[Web page caption snippets]
┌──

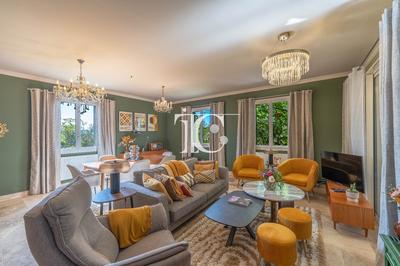 Maison - 159 m² - 6 pièces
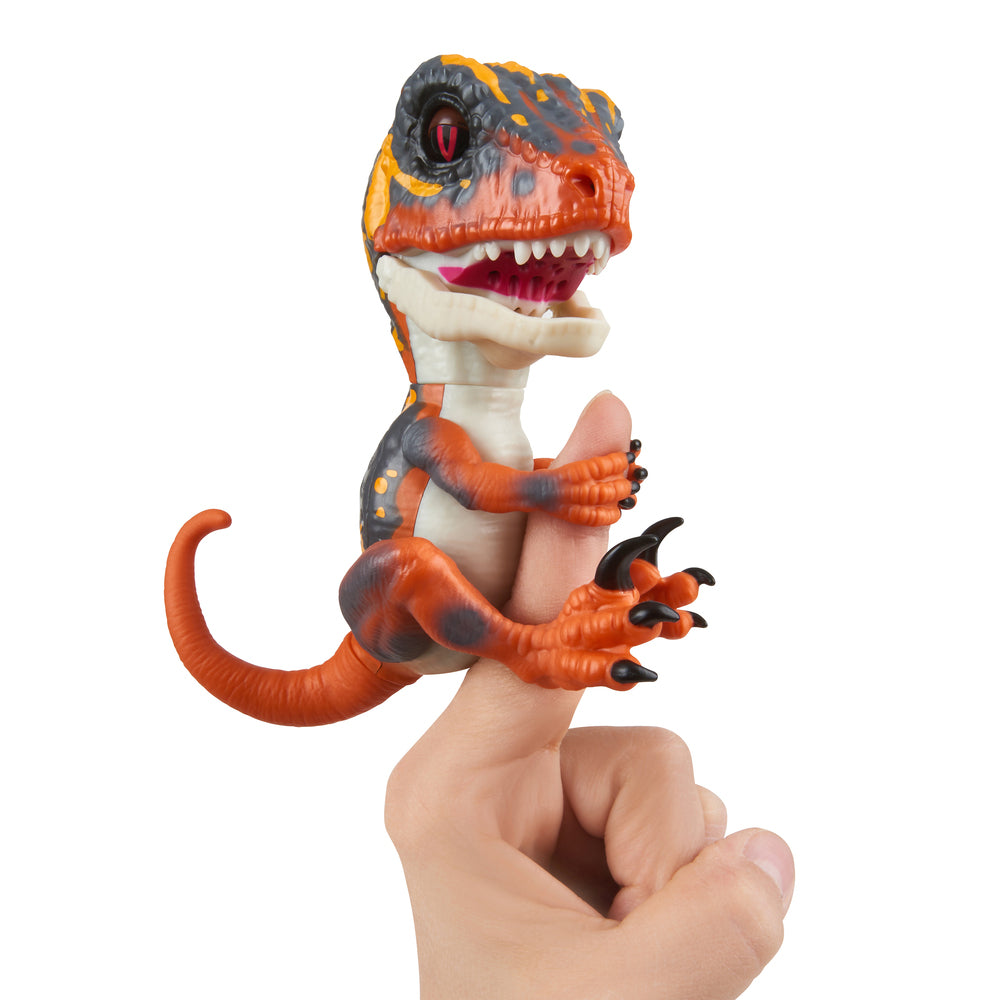 FINGERLINGS UNTAMED DINO ASS
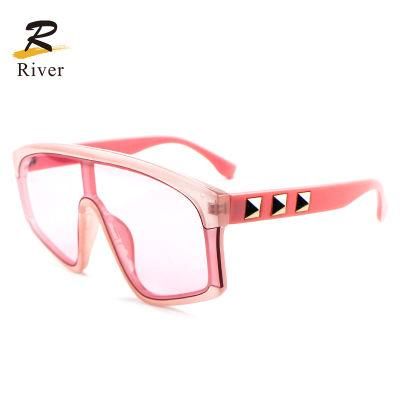 Hot Sale Protective Style PC Frame Women Ready Sunglasses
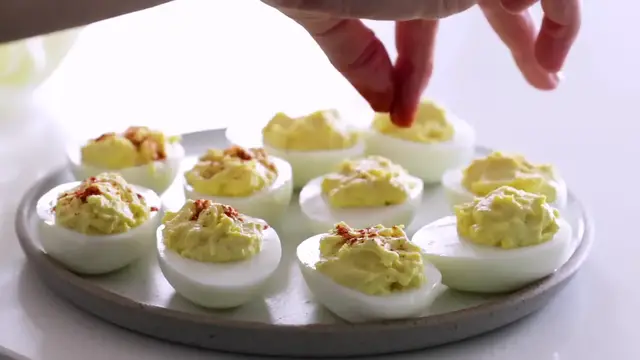 Video thumbnail for 56.DEVILED EGGS ¦ how to make the best deviled eggs recipe (paleo, keto, whole30) (1080p 24fps)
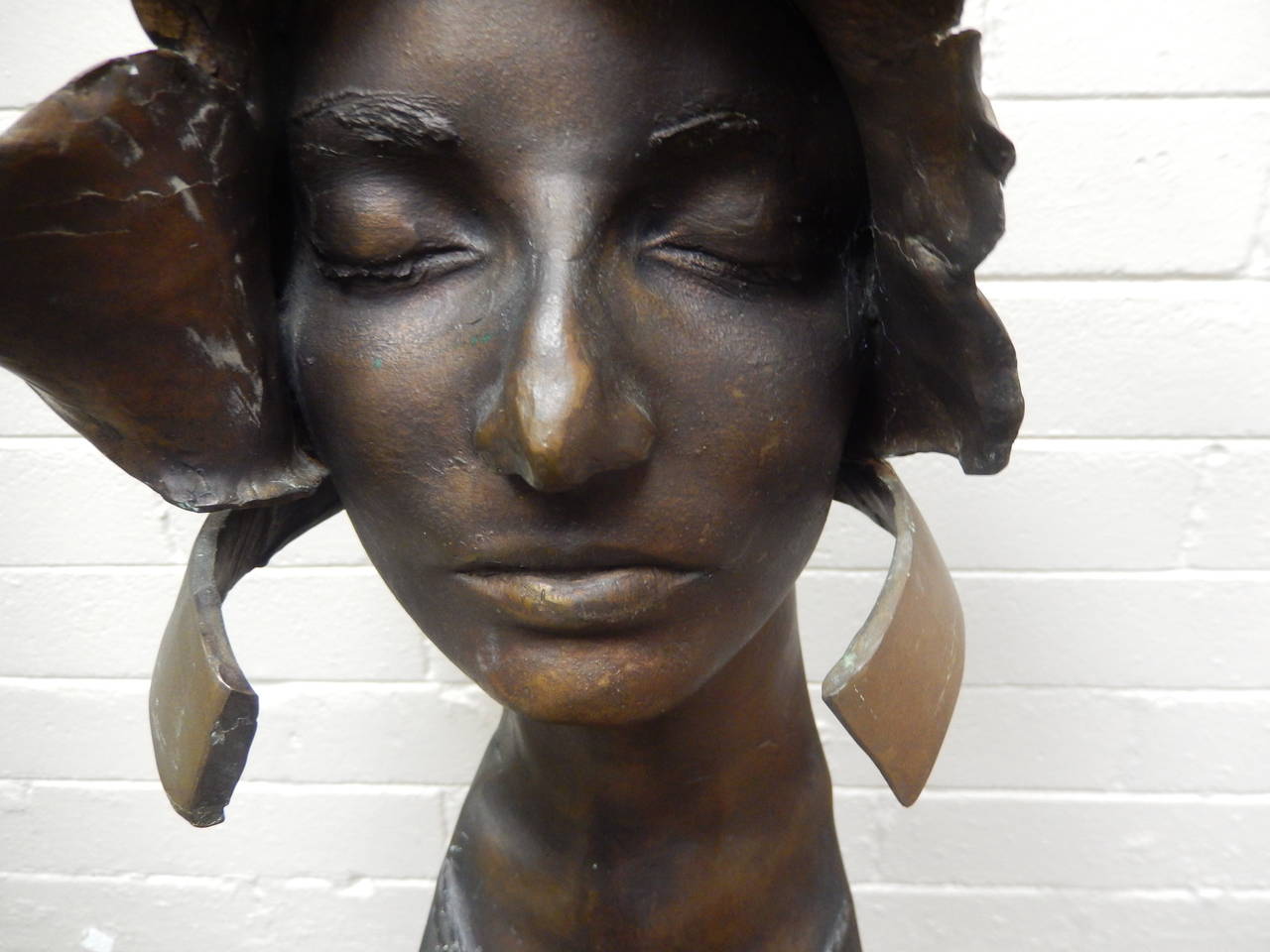 William Ludwig Bronze Female Form Bust For Sale 2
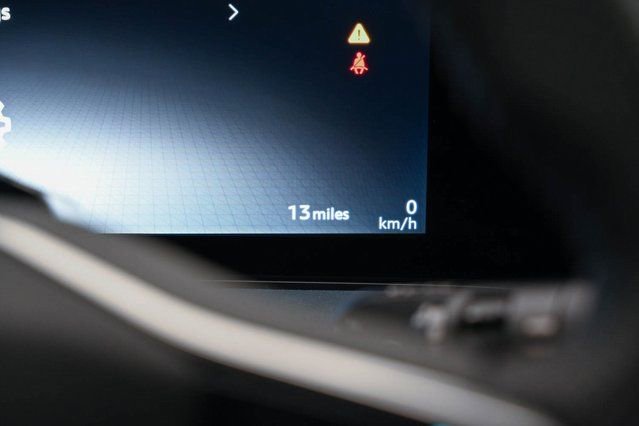 New 2025 Nissan Ariya Platinum image 33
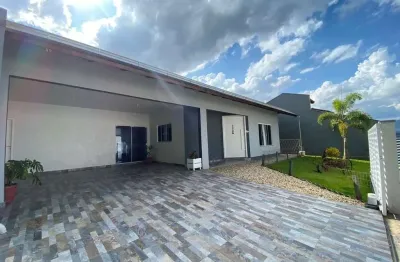 Casa com 3 quartos à venda na Rua Álvaro Neves, Nereu Ramos, Jaraguá do Sul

└──

• [WHAT THE TASK ASKS] Only the entries themselves should be output, word for word, with all pictures omitted.

• [TASK SOLUTION]
 Maison - 159 m² - 6 pièces
 FINGERLINGS UNTAMED DINO ASS
 Hot Sale Protective Style PC Frame Women Ready Sunglasses
 Video thumbnail for 56.DEVILED EGGS ¦ how to make the best deviled eggs recipe (paleo, keto, whole30) (1080p 24fps)
 William Ludwig Bronze Female Form Bust For Sale 2
 New 2025 Nissan Ariya Platinum image 33
 Casa com 3 quartos à venda na Rua Álvaro Neves, Nereu Ramos, Jaraguá do Sul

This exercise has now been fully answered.